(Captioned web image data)
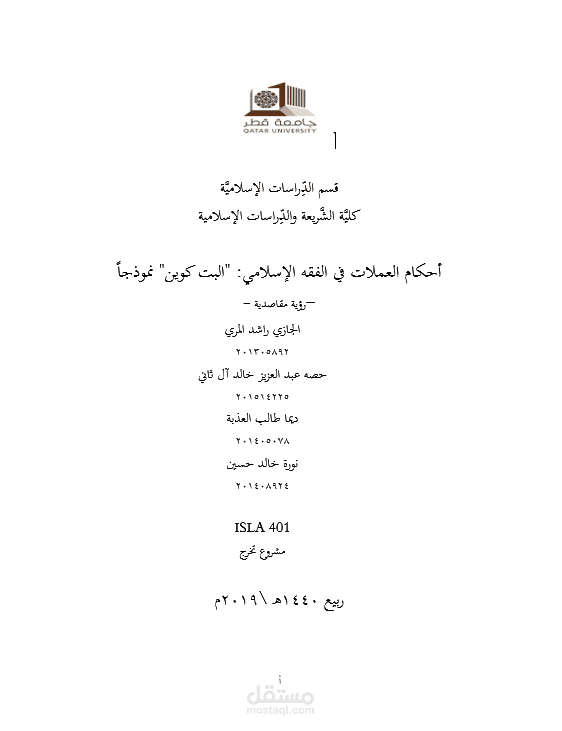 معوقات التنمية المستدامة: دراسة تربوية في ضوء الاستعاذات النبوية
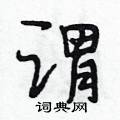 段相林写的硬笔行书谓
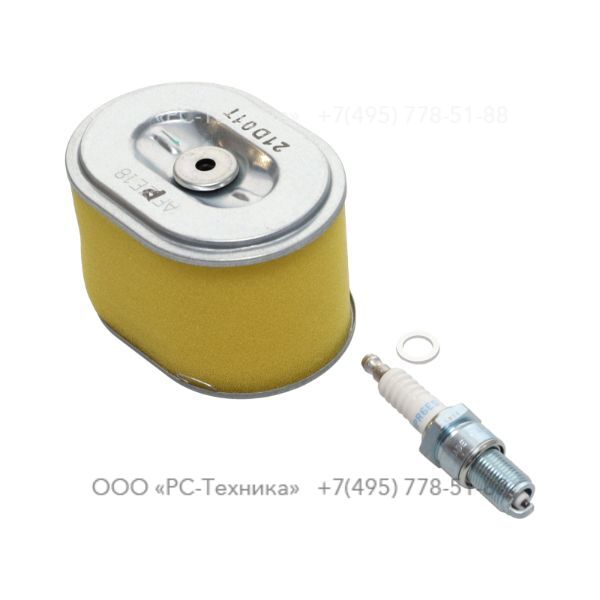 4810076561 SERVICE PACK 250 HR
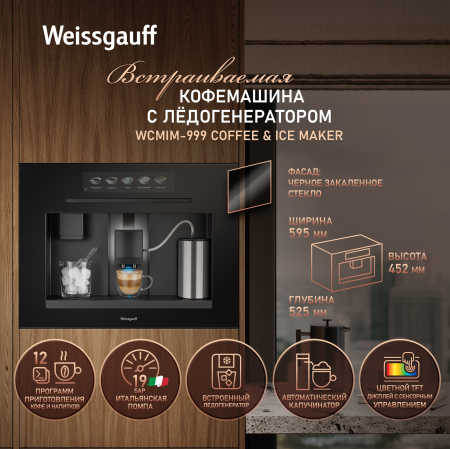 ������������ ���������� � �������������� Weissgauff WCMIM-999 Coffee & Ice Maker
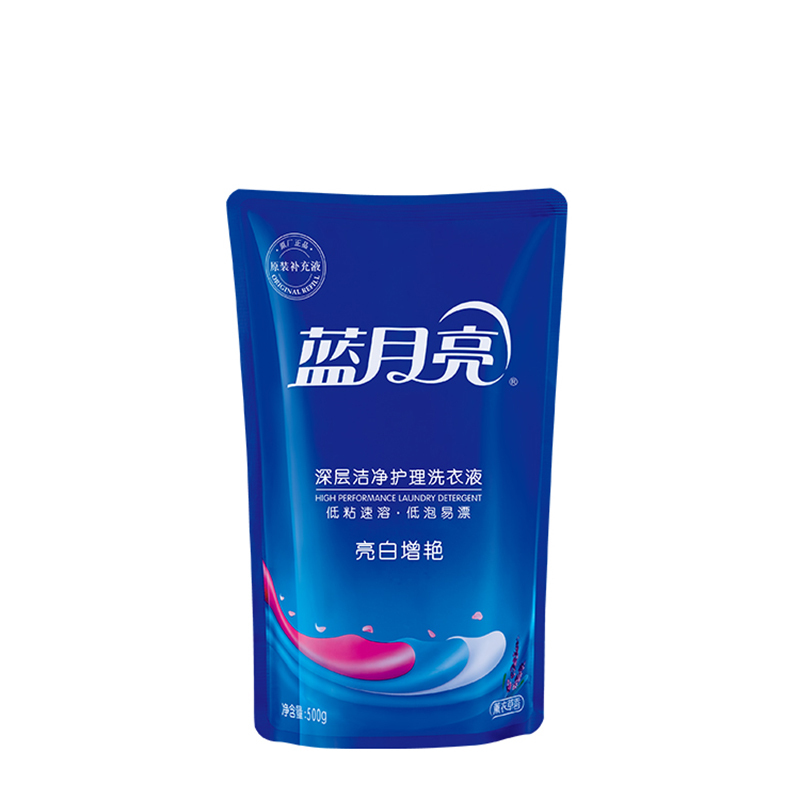 蓝月亮 熏衣草亮白增艳洗衣液袋 500g/袋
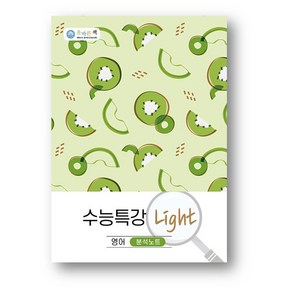 올바른책 수능특강 Light 영어 분석노트 (2024년) 사은품 증정, 영어영역, 고등학생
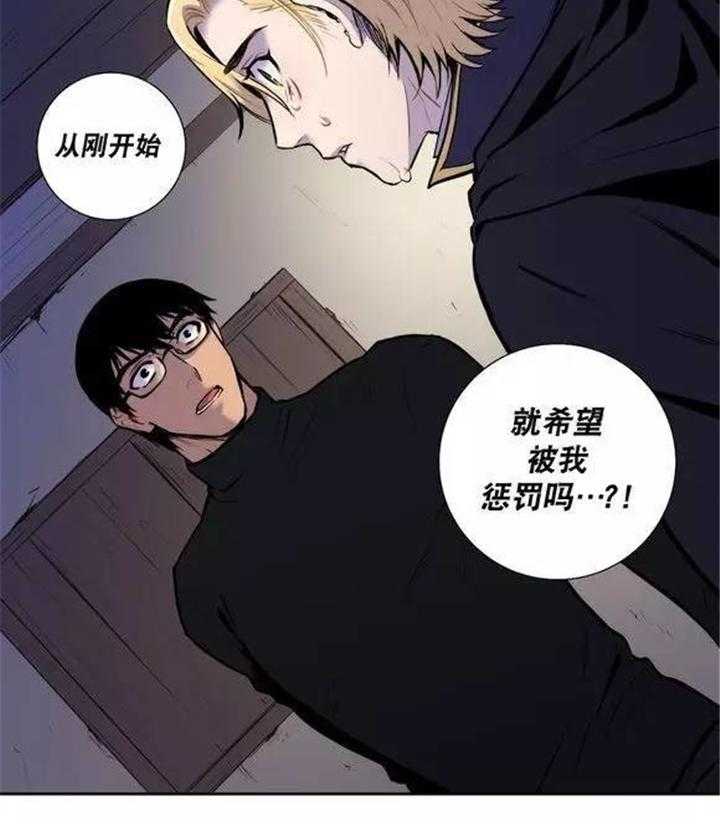 《爱上吸血鬼》漫画最新章节第25话 我不想吃人类免费下拉式在线观看章节第【15】张图片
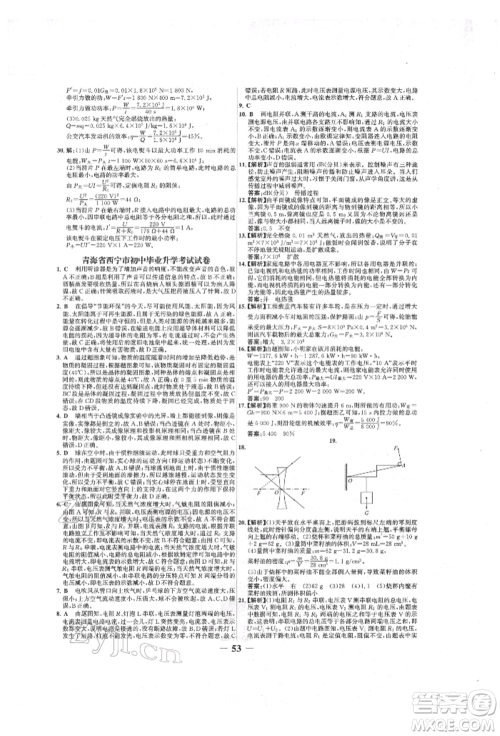 延边大学出版社2022世纪金榜初中全程复习方略物理人教版青海专版参考答案 延边大学出版社2022世纪金榜初中全程复习方略物理人教版青海专版参考答案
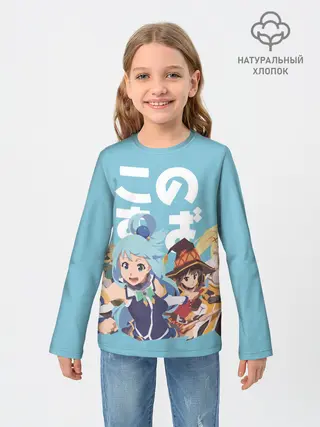 Детский лонгслив / KonoSuba заставка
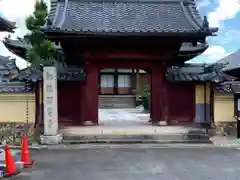 舩橋願誓寺の山門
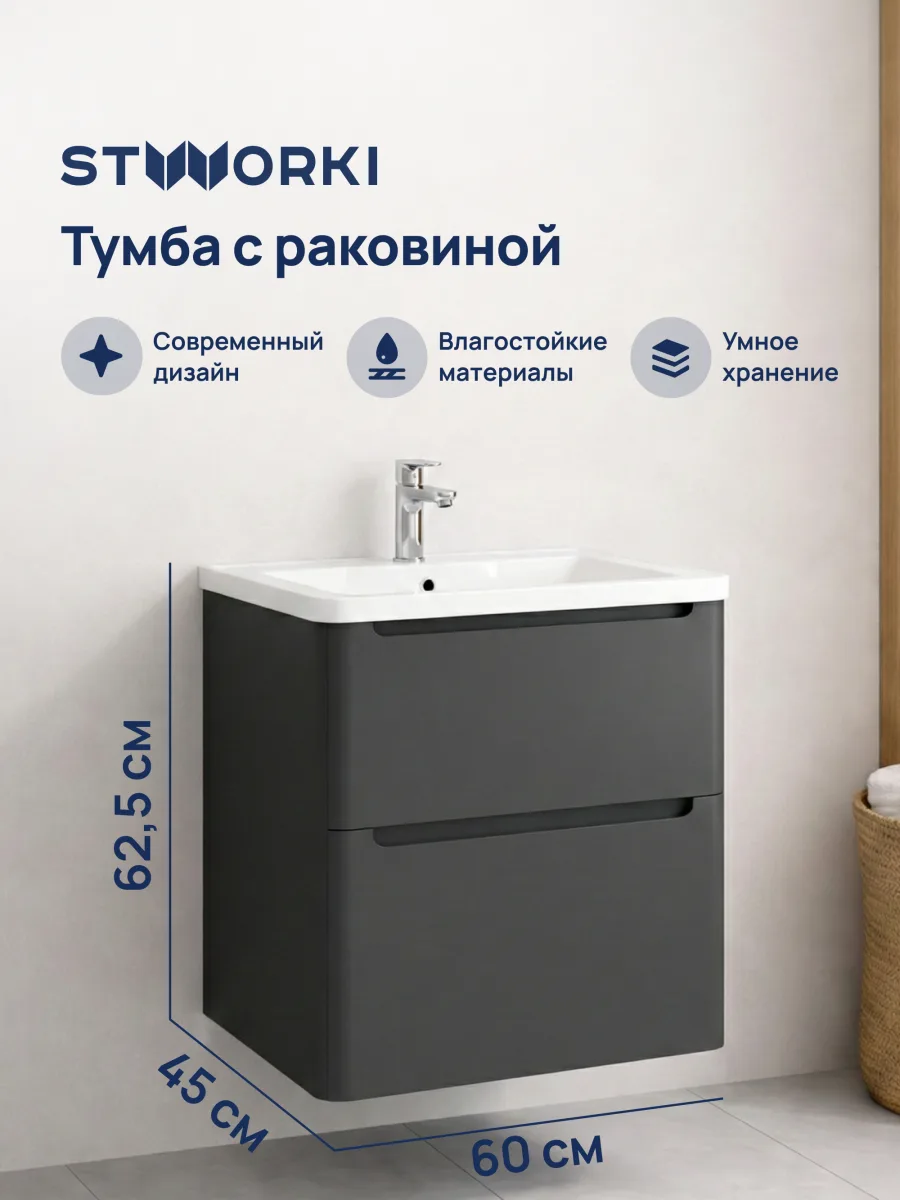 Тумба с раковиной STWORKI Монтре 60 антрацит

● **TO DO**: Leaving pictures aside, give again word for word each line from the one with "Coffee & Ice Maker" to the final line of the entries.

● **ANSWER SPACE**:
 ������������ ���������� � �������������� Weissgauff WCMIM-999 Coffee & Ice Maker
 蓝月亮 熏衣草亮白增艳洗衣液袋 500g/袋
 올바른책 수능특강 Light 영어 분석노트 (2024년) 사은품 증정, 영어영역, 고등학생
 《爱上吸血鬼》漫画最新章节第25话 我不想吃人类免费下拉式在线观看章节第【15】张图片
 延边大学出版社2022世纪金榜初中全程复习方略物理人教版青海专版参考答案 延边大学出版社2022世纪金榜初中全程复习方略物理人教版青海专版参考答案
 Детский лонгслив / KonoSuba заставка
 舩橋願誓寺の山門
 Тумба с раковиной STWORKI Монтре 60 антрацит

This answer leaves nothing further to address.